» **WORK REQUIRED**
Starting with the line that includes "PONT LA VILLE", write out every remaining line of the records below exactly as it appears, leaving out any images.

» **SOURCE INFORMATION**
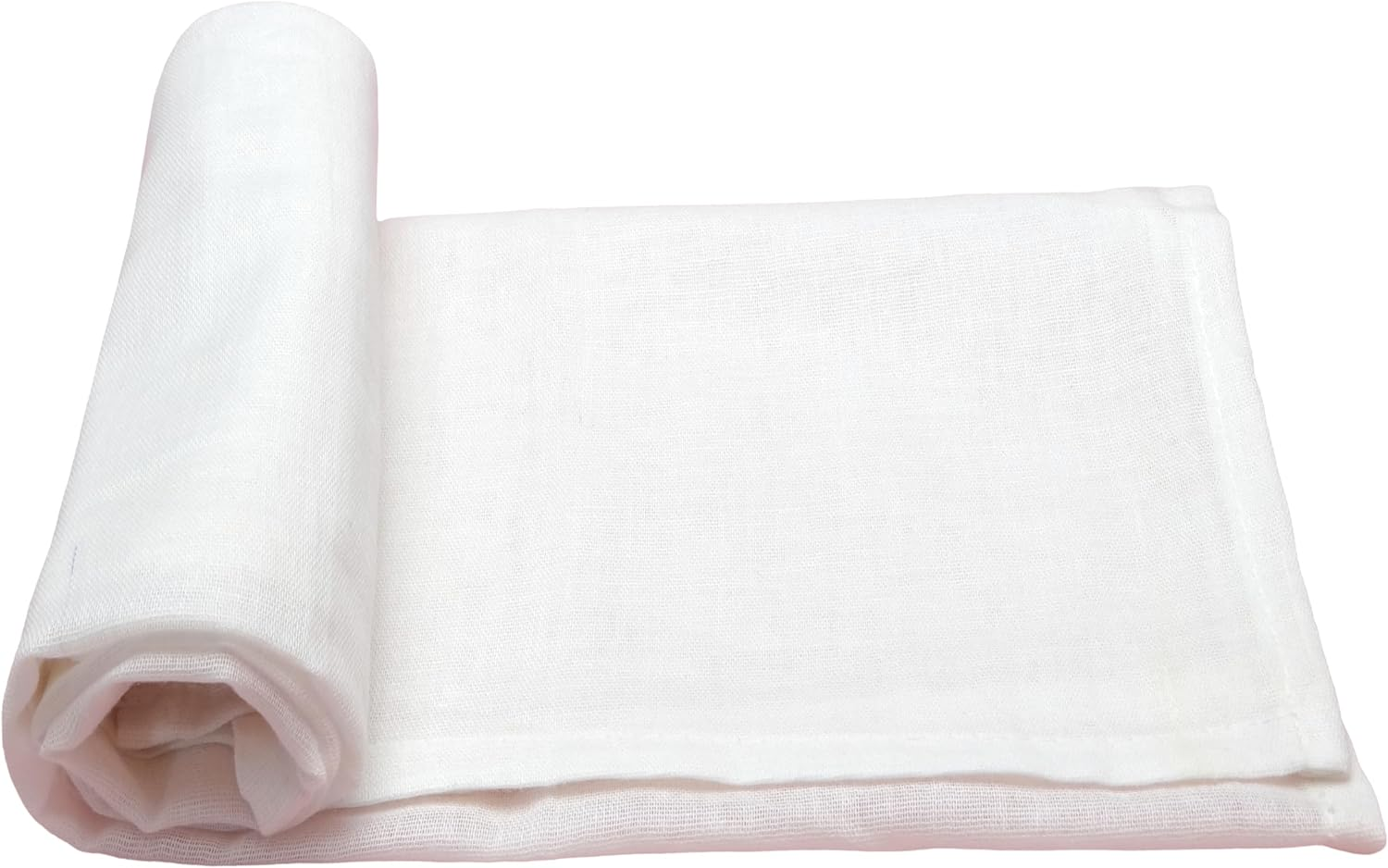 FT Fashion Track - Muslin Cloths for Baby - Muslin Squares &ndash; Soft Muslin Wash Cloths, Baby Swaddle - Baby Essentials for Newborn (66 X 66 Cm, Pack of 6) image number 2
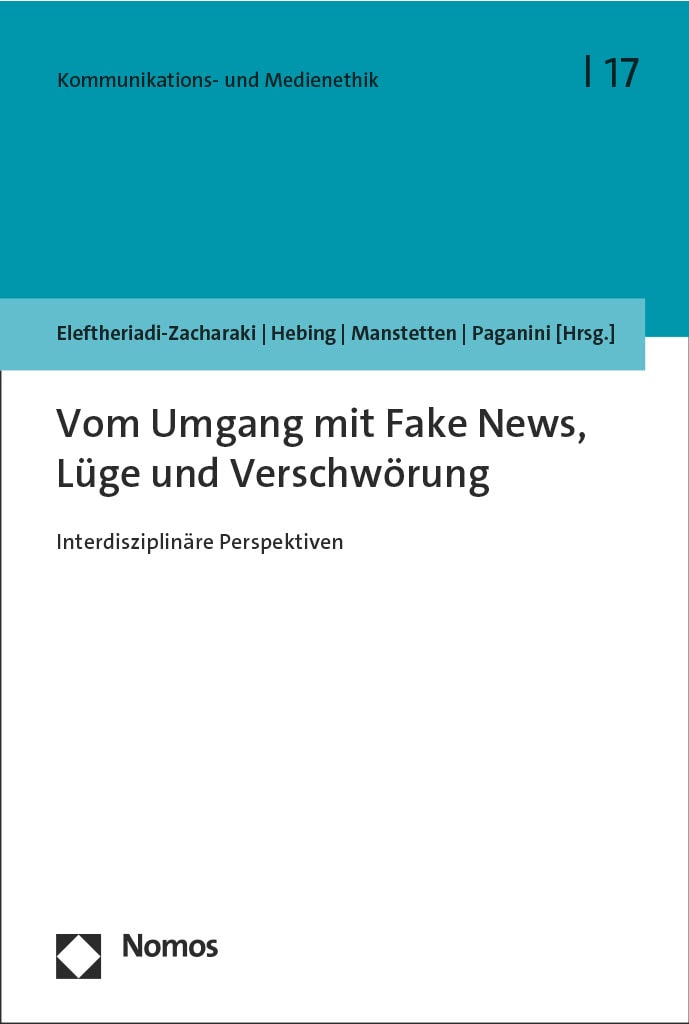 Projekt „Leonardo“ Sammelband zum Thema „Fake News“ beim NOMOS Verlag erschienen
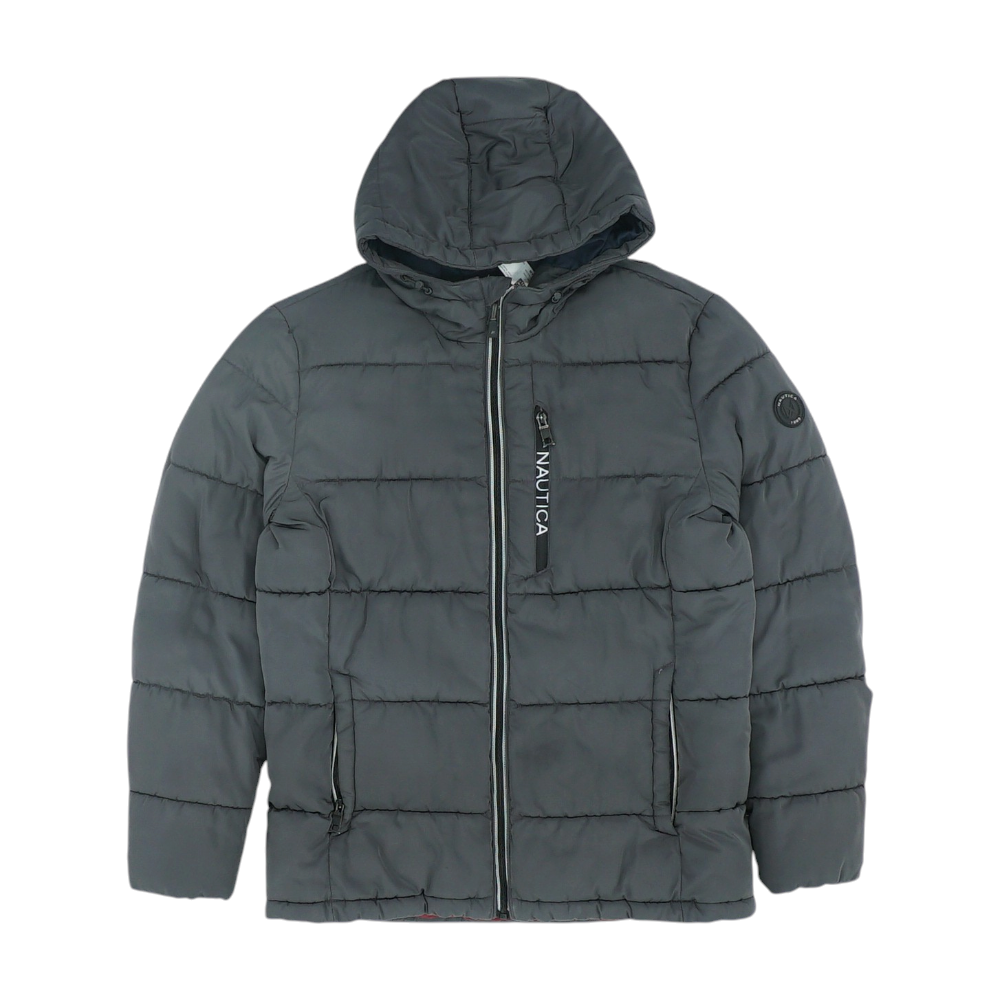 Gray Solid Jacket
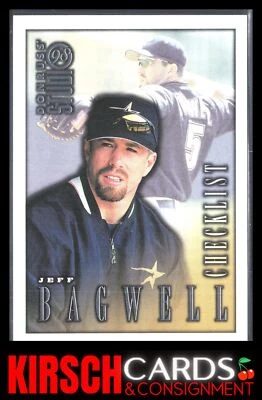 Jeff Bagwell 1998 Studio #215 Houston Astros - Image 1 of 2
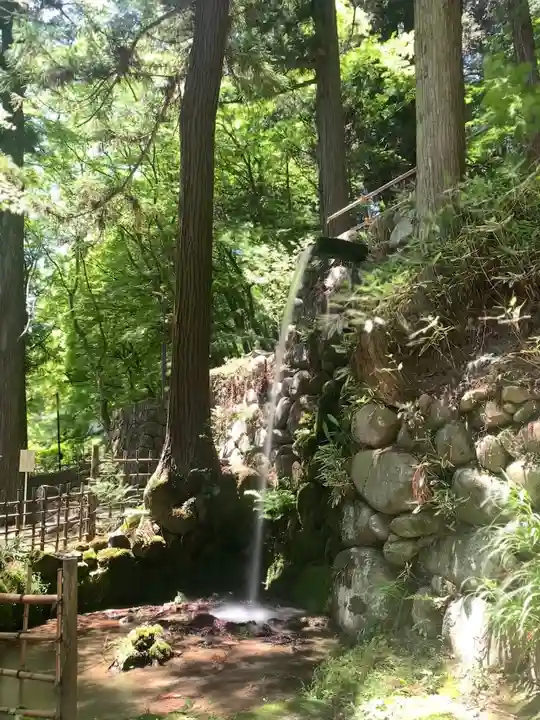 鳩ヶ嶺八幡宮(長野県)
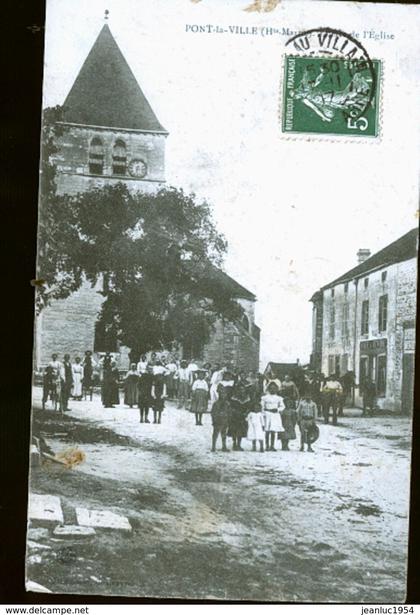 PONT LA VILLE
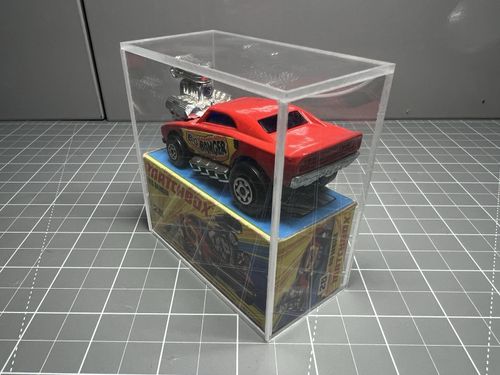 Matchbox Superfast Acrylic Display Box For Model And Box (Not Included) — image 6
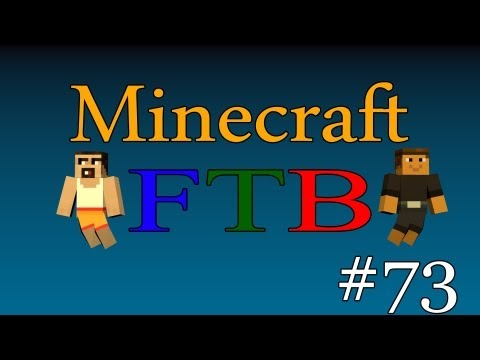Minecraft FTB - Episode 73 - The Squeezer and Healing Frame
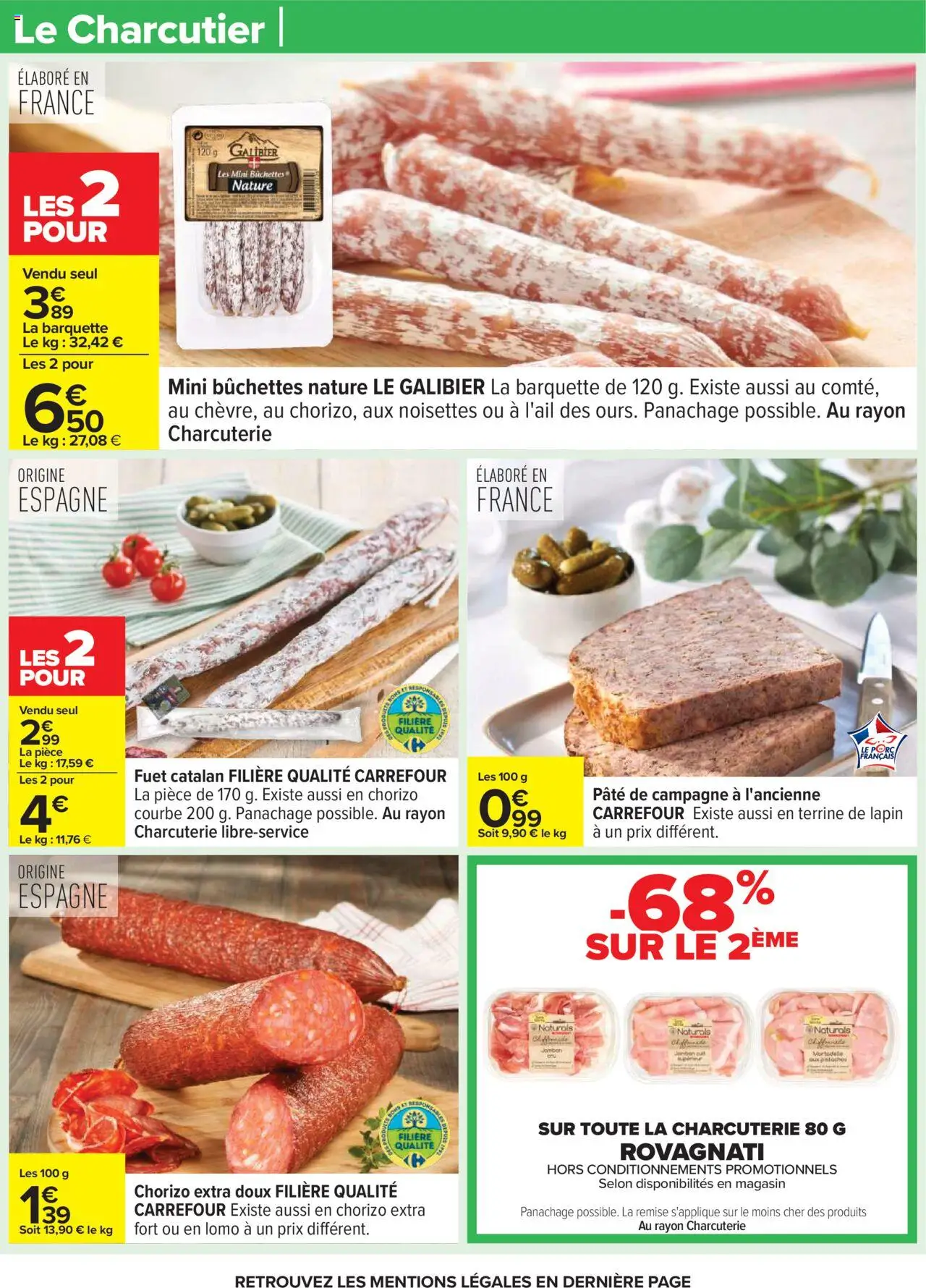 Carrefour catalogue semaine 29 - page 18 - valable à partir du 15/07/2025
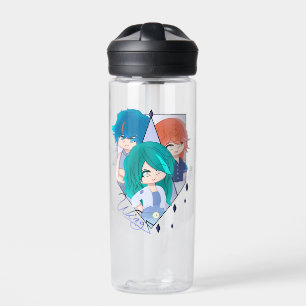 Wingz Warriors Wasserflasche Trinkflasche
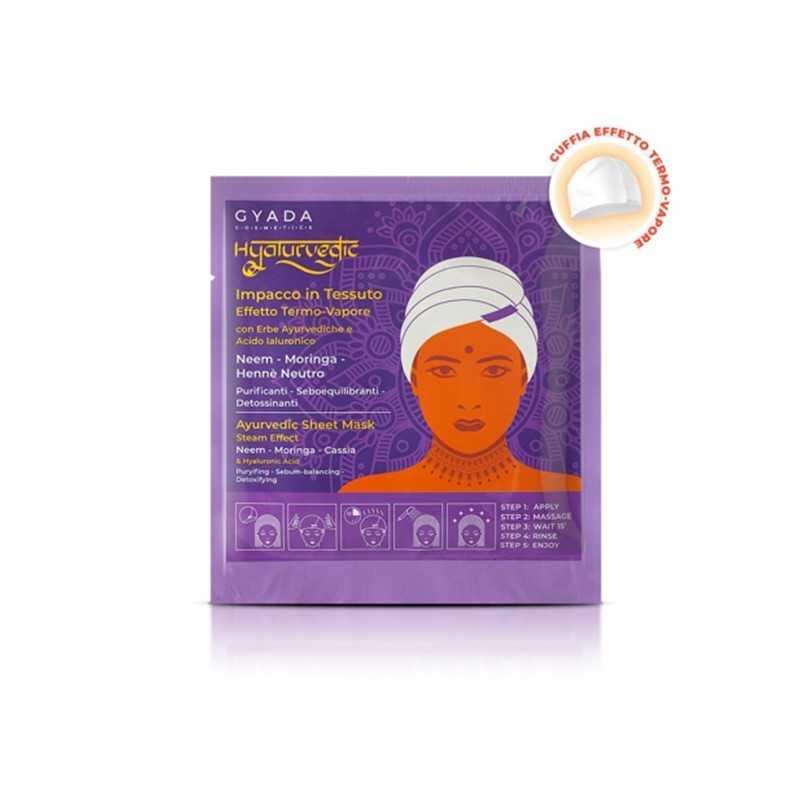 Hyalurvedic Purifying Hair Sheet Mask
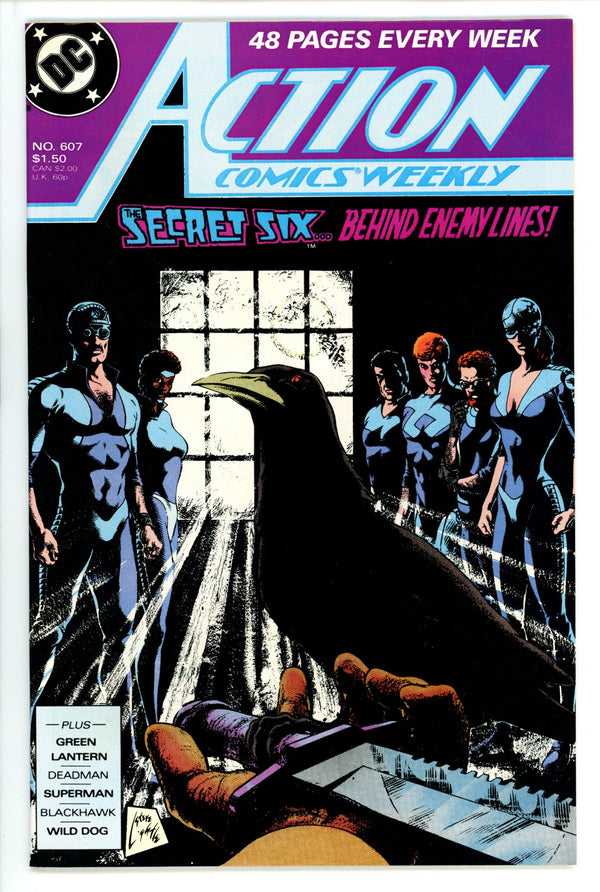 Action Comics Weekly Vol 1 607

» **RESPONSE**
 PONT LA VILLE
 Matchbox Superfast Acrylic Display Box For Model And Box (Not Included) — image 6
Minecraft FTB - Episode 73 - The Squeezer and Healing Frame
 Carrefour catalogue semaine 29 - page 18 - valable à partir du 15/07/2025
 Wingz Warriors Wasserflasche Trinkflasche
 Hyalurvedic Purifying Hair Sheet Mask
 Action Comics Weekly Vol 1 607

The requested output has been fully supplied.